Comment by adrian_b
7 hours ago
The C library maintains its own set of file descriptors, which are mapped to the OS file descriptors (because the stdio file descriptors and the OS file descriptors have different types and different behaviors).
I do not know whether this is true, but perhaps the previous poster means that using clone3 with certain arguments may break this file descriptor mapping so invoking after that stdio functions may have unexpected results.
Also the state kept by the libc malloc may get confused after certain invocations of clone3, because it has memory pages that have been obtained through mmap or sbrk and which may sometimes be returned to the OS.
So libc certainly cares about the OS file descriptors and virtual memory mappings, because it maintains its own internal state, which has references to the corresponding OS state. I have not looked to see when an incorrect state can result after a clone3, but it is plausible that such cases may exist, so that glibc allows calling clone3 only with a restricted combination of arguments and it does not provide a wrapper that would allow other combinations of arguments.

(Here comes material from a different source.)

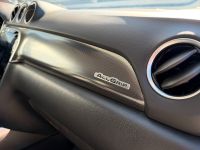 Suzuki Vitara GLX 1.5 MHEV Automatik Allgrip 4x4 1. HD bei Autohaus Landmann & Maier OHG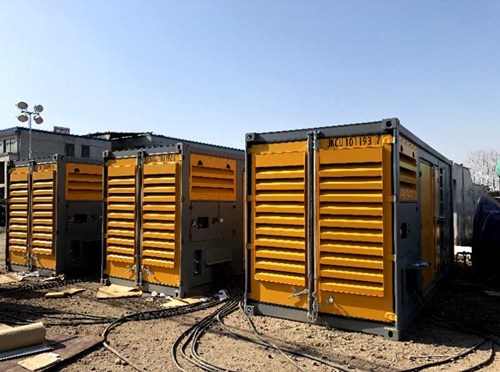 东兰防冻液的气味异常可能是由哪些原因导致的？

Yes; this is why QEMU's user-space-emulation clone syscall handling restricts the caller to only those combinations of clone flags which match either "looks like fork()" or "looks like creating a new pthread", because QEMU itself is linked with the host libc and weird clone flag combinations will put the new process/thread into a state the libc isn't expecting.
All fair points. What do other languages' standard libraries do to walk around clone3 then? If two threads share file descriptors but not virtual memory, do they perform some kind of IPC to lock them for synchronizing reads and writes?
> What do other languages' standard libraries do to walk around clone3 then?
They don't offer generic clone3 wrappers either AFAIK. All the code I've seen that uses it - and a lot of it is not in standard libraries but in e.g. container runtime implementations - has its own special-purpose code around a specific way to call it.
My point is not that other standard libraries do it better, but that clone3 as a syscall interface is highly versatile, moreso than it could be as a function in either C or most other languages. That is, the syscall API is the right layer for this feature to be.